**** Data excerpts

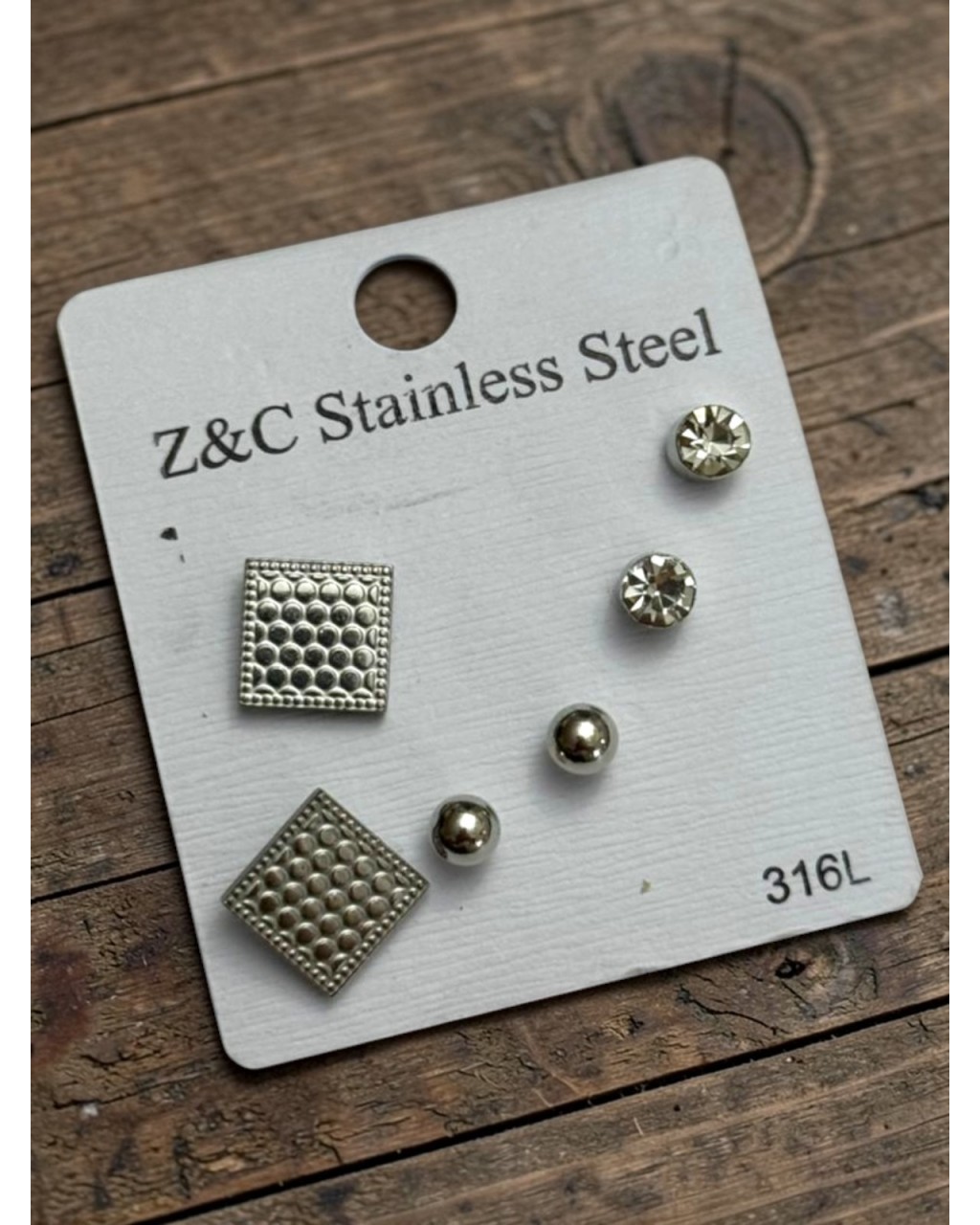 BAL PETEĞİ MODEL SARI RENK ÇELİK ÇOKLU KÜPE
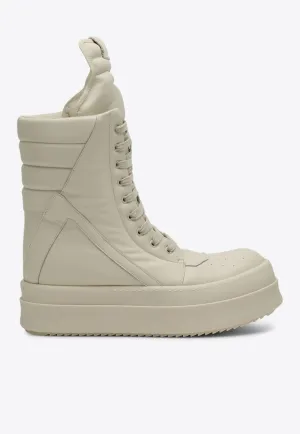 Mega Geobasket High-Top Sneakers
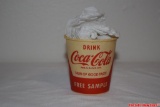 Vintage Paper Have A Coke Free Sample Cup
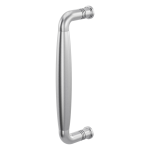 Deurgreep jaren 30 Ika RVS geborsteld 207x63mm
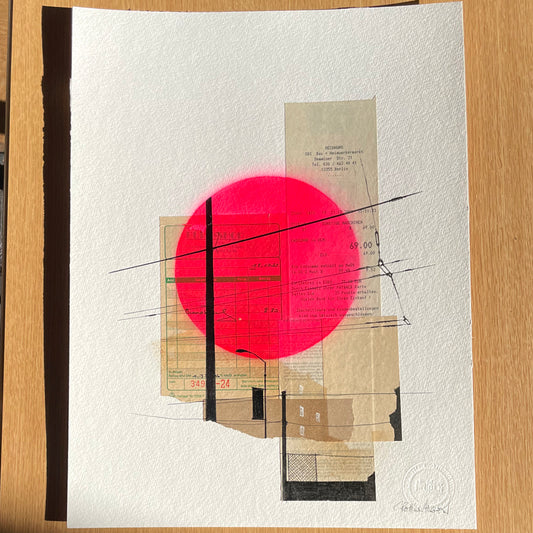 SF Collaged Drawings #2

********
**** Data excerpts

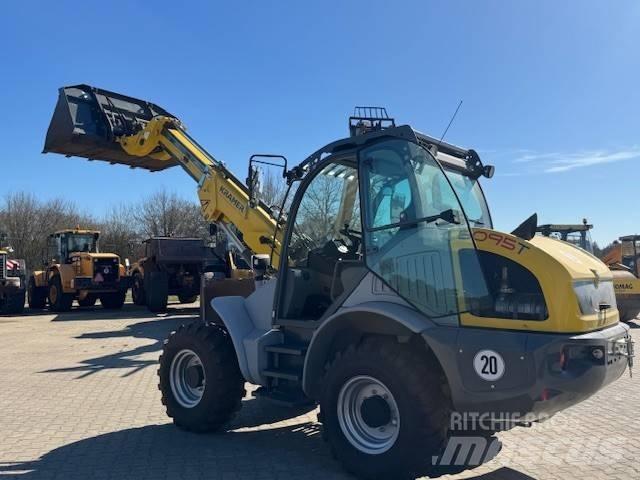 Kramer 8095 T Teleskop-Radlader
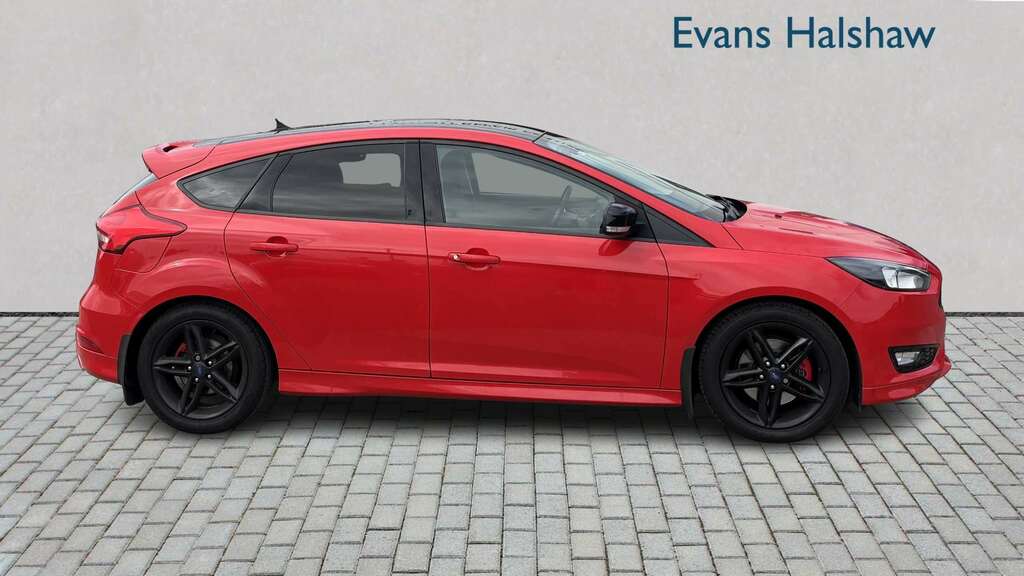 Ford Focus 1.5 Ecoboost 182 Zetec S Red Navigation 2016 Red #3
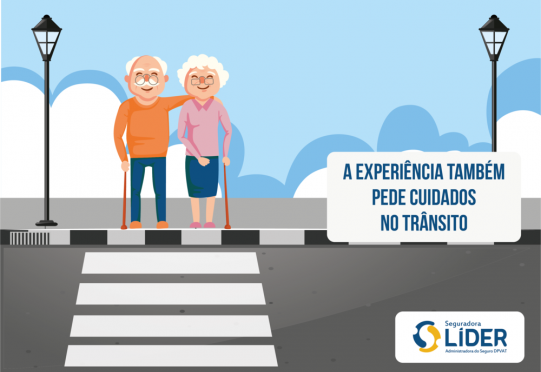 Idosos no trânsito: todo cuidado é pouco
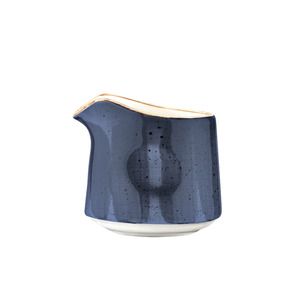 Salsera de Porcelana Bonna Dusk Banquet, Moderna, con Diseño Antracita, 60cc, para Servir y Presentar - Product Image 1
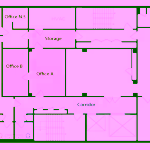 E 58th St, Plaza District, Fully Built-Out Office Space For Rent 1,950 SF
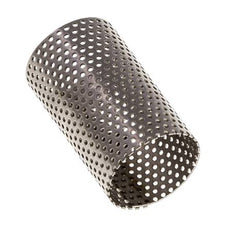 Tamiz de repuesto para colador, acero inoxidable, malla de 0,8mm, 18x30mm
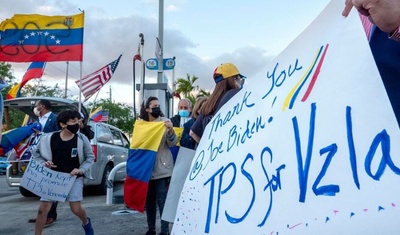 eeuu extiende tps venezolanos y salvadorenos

********
**** Data excerpts

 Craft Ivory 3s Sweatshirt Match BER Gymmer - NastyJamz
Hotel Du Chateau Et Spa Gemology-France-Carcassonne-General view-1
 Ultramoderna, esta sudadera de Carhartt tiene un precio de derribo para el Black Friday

********

Task requirements
Start with the line above containing "BAL PETEĞİ MODEL SARI RENK ÇELİK ÇOKLU KÜPE" and end with the line containing "SF Collaged Drawings #2". Set down that stretch exactly, without any pictures.

Answer to this problem
 BAL PETEĞİ MODEL SARI RENK ÇELİK ÇOKLU KÜPE
 Mega Geobasket High-Top Sneakers
 Vintage Paper Have A Coke Free Sample Cup
 Deurgreep jaren 30 Ika RVS geborsteld 207x63mm
 SF Collaged Drawings #2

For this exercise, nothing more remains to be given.